#### Problem statement
Please return every entry below exactly as written, without any of its pictures.

#### Supplied data
————————

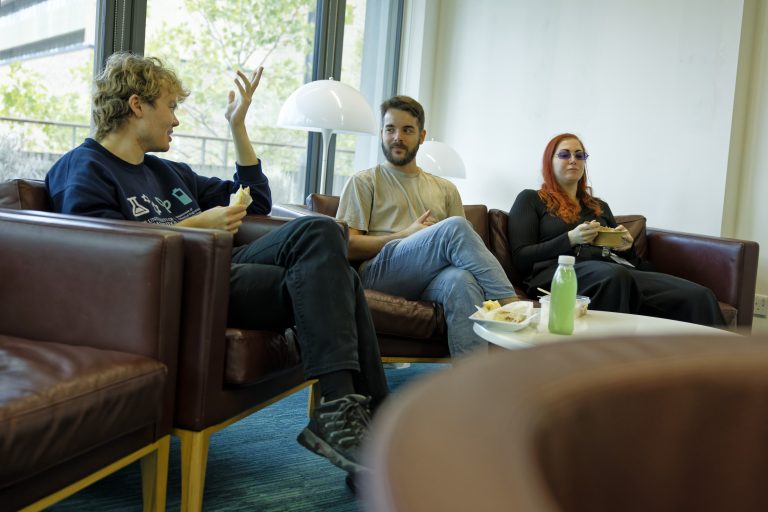 Three people in casual clothing sitting on maroon leather couches on bright day looking relaxed and eating.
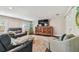 Cozy living room featuring a sectional couch, wooden entertainment center, and dark hardwood floors at 301 81St Ne Ave, St Petersburg, FL 33702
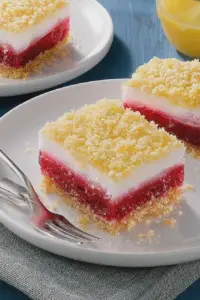 Close-up of a layered rhubarb icebox dessert with fluffy cream and crushed graham cracker crust.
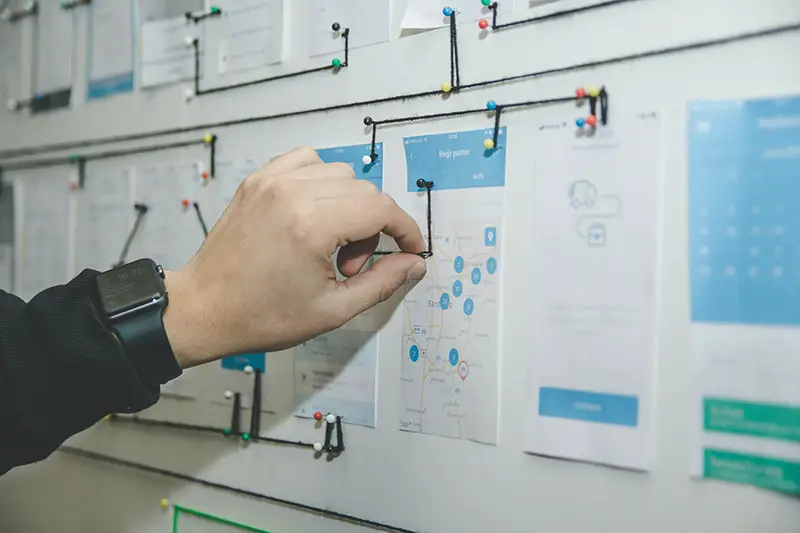 Person working on blue and white paper on board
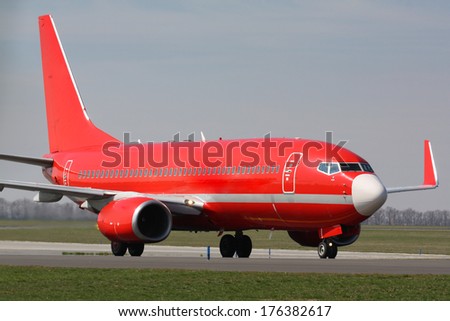 Red plane taxiing after landing to terminal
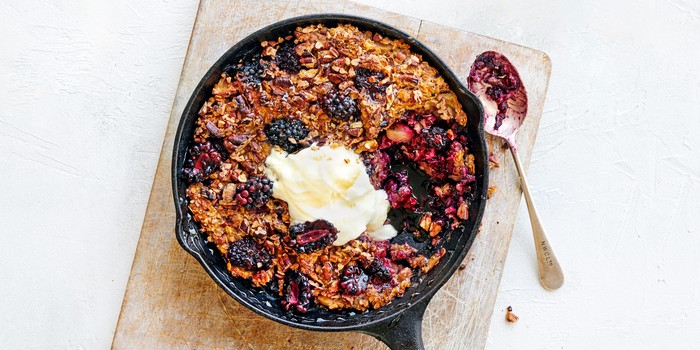 Blackberry and apple oat bake in a round skillet pan with spoon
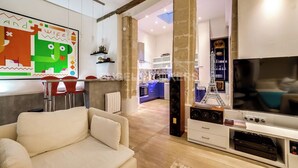 A modern living room with a sofa, a TV, and a kitchen in the background. - LUXURY LOFT IN THE HEART OF PARIS (Paris)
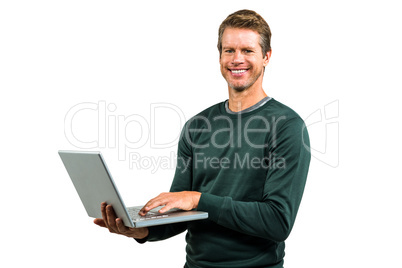 Portrait of smiling man using laptop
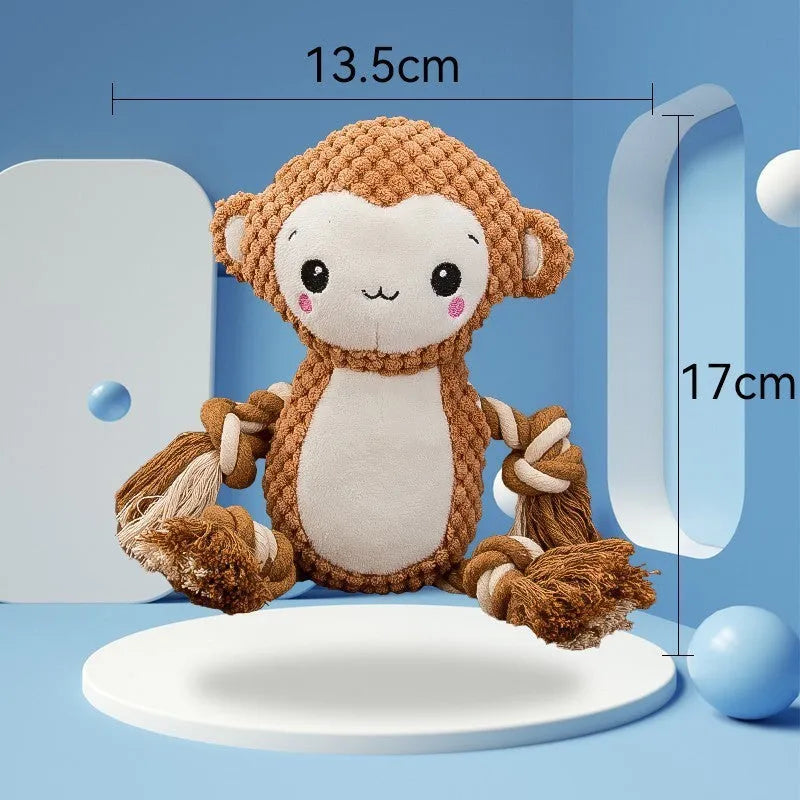 Plush lion and monkey squeaky dog toys side by side on a neutral background.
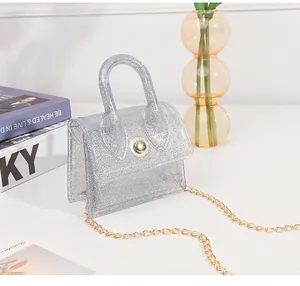 Close-up of mini silver glitter jelly bag with gold chain strap and metal buckle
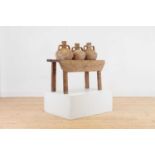 A pine pot stand containing three clay amphora vases,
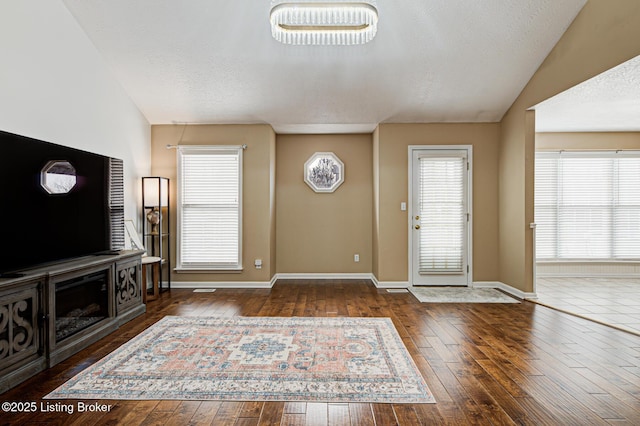 entrance foyer featuring a textured ceiling, vaulted ceiling, and dark hardwood / wood-style flooring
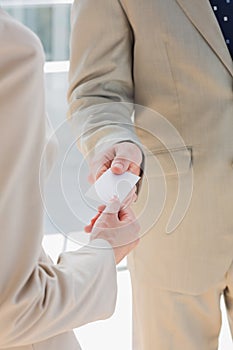 Businessman handing card to businesswoman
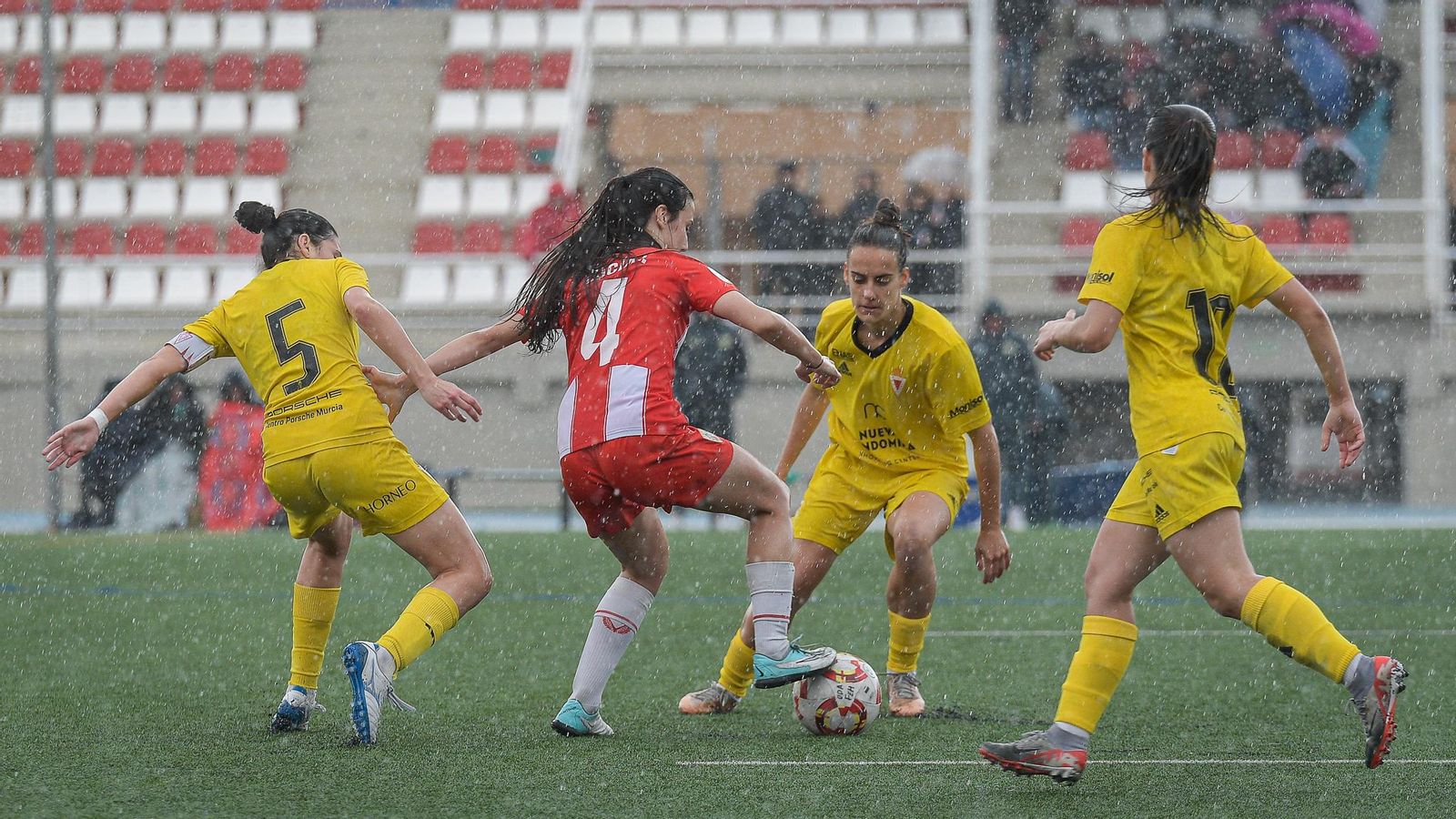 La rojiblanca Lucía presionada por hasta tres rivales durante una acción del encuentro mientras caía una importante lluvia.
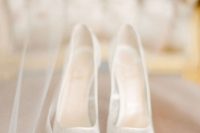 a pair of airy and chic white lace wedding shoes is a gorgeous idea for a wedding, it will add a lovely touch to the bridal look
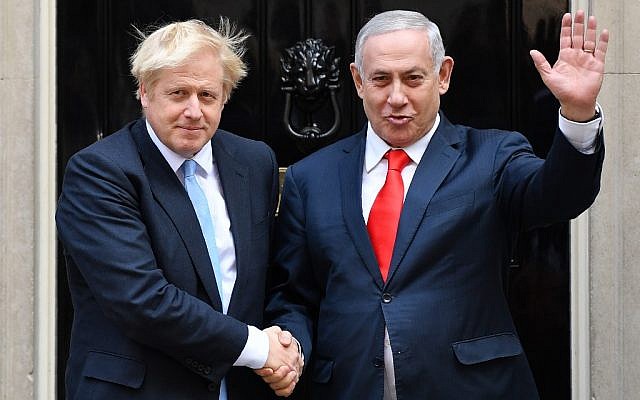 Britain's Prime Minister Boris Johnson (L) greets Prime Minister Benjamin Netanyahu outside 10 Downing Street in central London on September 5, 2019. (DANIEL LEAL-OLIVAS / AFP) Britain's Prime Minister Boris Johnson (L) greets Prime Minister Benjamin Netanyahu outside 10 Downing Street in central London on September 5, 2019. (DANIEL LEAL-OLIVAS / AFP)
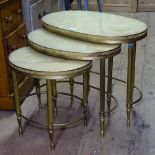 An oval nest of 3 occasional tables, with alabaster inset tops on gilt-metal bases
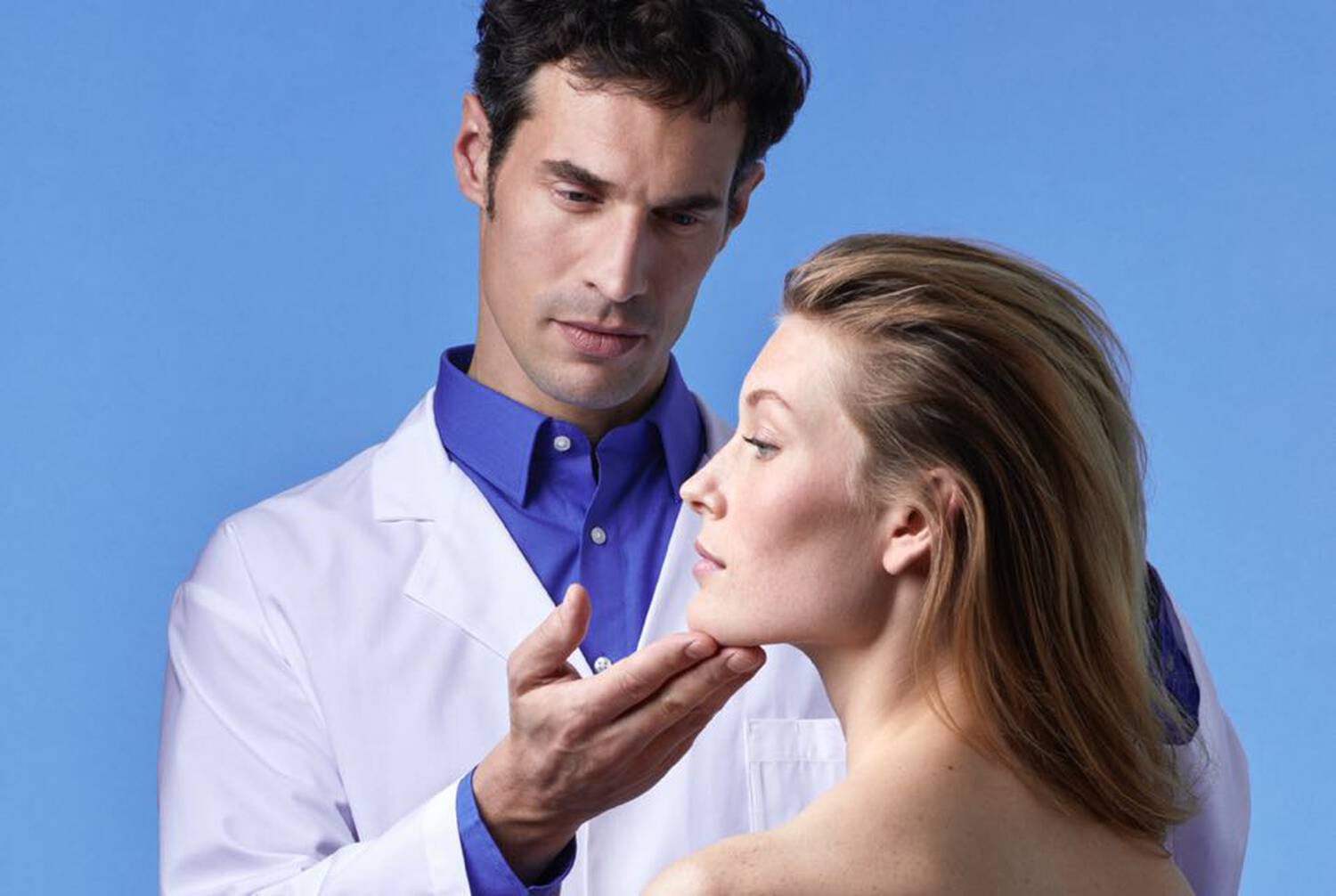 A healthcare professional examines a patient's face, with a blue background. The professional wears a white coat, and the patient has a relaxed expression.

————————

#### Response area
 Three people in casual clothing sitting on maroon leather couches on bright day looking relaxed and eating.
 Cozy living room featuring a sectional couch, wooden entertainment center, and dark hardwood floors at 301 81St Ne Ave, St Petersburg, FL 33702
 Close-up of a layered rhubarb icebox dessert with fluffy cream and crushed graham cracker crust.
 Person working on blue and white paper on board
 Red plane taxiing after landing to terminal
 Blackberry and apple oat bake in a round skillet pan with spoon
 A modern living room with a sofa, a TV, and a kitchen in the background. - LUXURY LOFT IN THE HEART OF PARIS (Paris)
 Portrait of smiling man using laptop
 Plush lion and monkey squeaky dog toys side by side on a neutral background.
 Close-up of mini silver glitter jelly bag with gold chain strap and metal buckle
 A pine pot stand containing three clay amphora vases,
 entrance foyer featuring a textured ceiling, vaulted ceiling, and dark hardwood / wood-style flooring
 Businessman handing card to businesswoman
 La rojiblanca Lucía presionada por hasta tres rivales durante una acción del encuentro mientras caía una importante lluvia.
 a pair of airy and chic white lace wedding shoes is a gorgeous idea for a wedding, it will add a lovely touch to the bridal look
 Britain's Prime Minister Boris Johnson (L) greets Prime Minister Benjamin Netanyahu outside 10 Downing Street in central London on September 5, 2019. (DANIEL LEAL-OLIVAS / AFP) Britain's Prime Minister Boris Johnson (L) greets Prime Minister Benjamin Netanyahu outside 10 Downing Street in central London on September 5, 2019. (DANIEL LEAL-OLIVAS / AFP)
 An oval nest of 3 occasional tables, with alabaster inset tops on gilt-metal bases
 A healthcare professional examines a patient's face, with a blue background. The professional wears a white coat, and the patient has a relaxed expression.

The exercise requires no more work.